Does Thiopurine Therapy for IBD Increase Risk of Acute Myeloid Leukemias and Myelodysplastic Syndromes?
Past exposure to thiopurines increases the risk of myeloid disorders 7-fold among patients with inflammatory bowel diseases (IBDs), according to a prospective study in the August issue of Clinical Gastroenterology and Hepatology. Physicians should consider this finding when placing patients on thiopurine therapy, to best calculate risks and benefits.
Despite recent advances in treatment for IBD, the immunosuppressive thiopurines azathioprine and 6-mercaptopurine are the backbone of therapy. However, there have been reports of increased risk of lymphoproliferative disorders and nonmelanoma skin cancers among IBD patients who receive thiopurines, and azathioprine has been associated with an increased risk for leukemia.
In one of the largest prospective studies designed to assess the risk of malignancies associated with IBD, Anthony Lopez et al. assessed the effects thiopurines on the risk of myeloid disorders such as acute myeloid leukemia (AML) and myelodysplastic syndromes (MDS) in 19,486 patients with IBD in France.
Lopez et al. found that the risk of myeloid disorders was not increased among patients with IBD and ongoing thiopurine treatment, or among patients with IBD who never received thiopurine.
However, patients with past exposures to thiopurines had an almost 7-fold increase in risk of myeloid disorders.
During 49,736 patient-years of follow-up, 5 patients were diagnosed with incident myeloid disorders (2 with AML and 3 with MDS). Four of these patients had been exposed to thiopurines (1 with ongoing treatment and 3 with past exposure).

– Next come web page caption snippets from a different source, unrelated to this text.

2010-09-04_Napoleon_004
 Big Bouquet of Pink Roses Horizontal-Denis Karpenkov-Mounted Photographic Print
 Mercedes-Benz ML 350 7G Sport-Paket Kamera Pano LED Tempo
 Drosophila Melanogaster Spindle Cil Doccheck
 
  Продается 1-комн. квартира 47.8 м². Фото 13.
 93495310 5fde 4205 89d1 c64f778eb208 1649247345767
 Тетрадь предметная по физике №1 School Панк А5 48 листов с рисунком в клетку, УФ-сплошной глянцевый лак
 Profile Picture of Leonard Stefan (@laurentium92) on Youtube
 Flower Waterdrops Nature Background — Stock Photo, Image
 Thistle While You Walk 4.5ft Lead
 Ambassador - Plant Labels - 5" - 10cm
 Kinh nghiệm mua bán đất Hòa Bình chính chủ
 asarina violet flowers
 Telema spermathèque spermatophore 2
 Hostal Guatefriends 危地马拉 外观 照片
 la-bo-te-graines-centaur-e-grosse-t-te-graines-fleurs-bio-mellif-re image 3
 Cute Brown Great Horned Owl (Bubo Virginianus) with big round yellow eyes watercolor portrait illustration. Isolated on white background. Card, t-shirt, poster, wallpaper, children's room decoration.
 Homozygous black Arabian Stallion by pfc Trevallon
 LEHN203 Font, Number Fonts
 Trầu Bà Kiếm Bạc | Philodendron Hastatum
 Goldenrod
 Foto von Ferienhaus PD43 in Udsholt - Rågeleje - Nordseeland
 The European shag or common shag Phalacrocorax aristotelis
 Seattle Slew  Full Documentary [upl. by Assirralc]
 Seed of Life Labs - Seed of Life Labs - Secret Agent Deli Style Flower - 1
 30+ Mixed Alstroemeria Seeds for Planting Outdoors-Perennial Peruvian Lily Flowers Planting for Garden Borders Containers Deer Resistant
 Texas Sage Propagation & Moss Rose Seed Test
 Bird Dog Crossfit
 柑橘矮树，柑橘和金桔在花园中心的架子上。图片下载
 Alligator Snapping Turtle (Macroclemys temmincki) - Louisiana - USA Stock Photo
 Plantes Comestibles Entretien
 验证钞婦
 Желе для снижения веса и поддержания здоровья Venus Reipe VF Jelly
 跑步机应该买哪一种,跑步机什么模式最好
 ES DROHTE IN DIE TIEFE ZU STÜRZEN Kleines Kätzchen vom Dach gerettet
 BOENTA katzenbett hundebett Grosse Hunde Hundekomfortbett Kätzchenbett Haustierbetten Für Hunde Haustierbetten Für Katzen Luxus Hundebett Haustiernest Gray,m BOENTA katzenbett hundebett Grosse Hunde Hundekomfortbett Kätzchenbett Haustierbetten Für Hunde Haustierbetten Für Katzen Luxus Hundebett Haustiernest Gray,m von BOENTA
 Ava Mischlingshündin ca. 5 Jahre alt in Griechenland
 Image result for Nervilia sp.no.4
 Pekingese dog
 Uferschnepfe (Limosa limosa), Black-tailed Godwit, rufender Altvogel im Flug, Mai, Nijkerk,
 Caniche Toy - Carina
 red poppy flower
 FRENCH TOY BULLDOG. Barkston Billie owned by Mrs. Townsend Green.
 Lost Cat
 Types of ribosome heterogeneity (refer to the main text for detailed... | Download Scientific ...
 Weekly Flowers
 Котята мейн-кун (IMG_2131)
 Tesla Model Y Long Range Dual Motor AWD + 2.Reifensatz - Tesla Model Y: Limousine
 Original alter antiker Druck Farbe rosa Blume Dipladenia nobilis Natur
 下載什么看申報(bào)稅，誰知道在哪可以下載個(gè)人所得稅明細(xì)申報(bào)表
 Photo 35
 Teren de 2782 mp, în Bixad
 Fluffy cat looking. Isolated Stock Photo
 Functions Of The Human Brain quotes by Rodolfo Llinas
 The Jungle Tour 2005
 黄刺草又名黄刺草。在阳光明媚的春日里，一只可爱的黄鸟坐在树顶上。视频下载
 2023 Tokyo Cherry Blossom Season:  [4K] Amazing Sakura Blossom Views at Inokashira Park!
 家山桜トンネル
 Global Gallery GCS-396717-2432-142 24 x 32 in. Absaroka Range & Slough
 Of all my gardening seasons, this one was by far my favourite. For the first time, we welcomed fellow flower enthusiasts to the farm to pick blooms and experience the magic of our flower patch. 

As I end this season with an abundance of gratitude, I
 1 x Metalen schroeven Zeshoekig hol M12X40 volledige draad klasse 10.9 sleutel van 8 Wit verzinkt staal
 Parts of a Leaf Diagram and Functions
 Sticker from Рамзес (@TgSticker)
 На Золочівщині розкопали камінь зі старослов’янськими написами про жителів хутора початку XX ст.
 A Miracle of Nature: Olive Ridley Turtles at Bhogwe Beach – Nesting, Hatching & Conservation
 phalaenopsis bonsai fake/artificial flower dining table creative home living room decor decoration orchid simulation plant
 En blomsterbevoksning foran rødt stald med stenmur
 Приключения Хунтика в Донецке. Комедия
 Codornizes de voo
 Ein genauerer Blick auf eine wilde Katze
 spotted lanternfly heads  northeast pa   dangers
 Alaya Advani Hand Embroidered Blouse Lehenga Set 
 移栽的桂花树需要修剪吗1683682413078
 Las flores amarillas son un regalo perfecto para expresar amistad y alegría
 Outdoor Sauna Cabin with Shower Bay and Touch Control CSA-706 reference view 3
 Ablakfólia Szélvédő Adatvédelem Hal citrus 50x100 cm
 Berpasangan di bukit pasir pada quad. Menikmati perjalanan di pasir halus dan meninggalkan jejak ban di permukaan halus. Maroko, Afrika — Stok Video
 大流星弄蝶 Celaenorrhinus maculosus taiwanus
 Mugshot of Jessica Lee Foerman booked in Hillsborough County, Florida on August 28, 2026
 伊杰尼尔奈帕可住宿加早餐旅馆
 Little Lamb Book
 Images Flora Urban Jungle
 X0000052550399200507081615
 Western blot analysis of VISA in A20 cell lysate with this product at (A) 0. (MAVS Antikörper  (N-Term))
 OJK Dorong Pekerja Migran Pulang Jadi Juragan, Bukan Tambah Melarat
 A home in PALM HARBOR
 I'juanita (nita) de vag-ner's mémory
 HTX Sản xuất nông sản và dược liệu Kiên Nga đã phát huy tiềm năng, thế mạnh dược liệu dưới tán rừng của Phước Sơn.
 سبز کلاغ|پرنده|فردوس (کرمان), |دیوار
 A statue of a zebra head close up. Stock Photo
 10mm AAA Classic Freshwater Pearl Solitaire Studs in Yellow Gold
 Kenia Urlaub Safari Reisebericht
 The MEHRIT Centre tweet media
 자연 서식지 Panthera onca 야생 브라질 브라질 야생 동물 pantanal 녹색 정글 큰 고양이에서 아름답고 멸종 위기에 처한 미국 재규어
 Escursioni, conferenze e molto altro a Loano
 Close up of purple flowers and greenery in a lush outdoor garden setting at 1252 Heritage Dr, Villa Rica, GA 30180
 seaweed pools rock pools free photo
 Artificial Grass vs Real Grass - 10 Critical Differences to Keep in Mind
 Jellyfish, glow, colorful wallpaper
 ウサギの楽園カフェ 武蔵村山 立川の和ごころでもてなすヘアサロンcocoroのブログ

Although the authors found a greater risk of myeloid disorders among patients treated with thiopurines, they state that the absolute risk to an individual patient is only 1/10,000. The risk therefore needs to be balanced against the benefits of thiopurines to patients with IBD.
Lopez et al. point out that the median follow-up of the overall population was 35 months, which might be too short to evaluate the real incidence of AML—a rare cancer.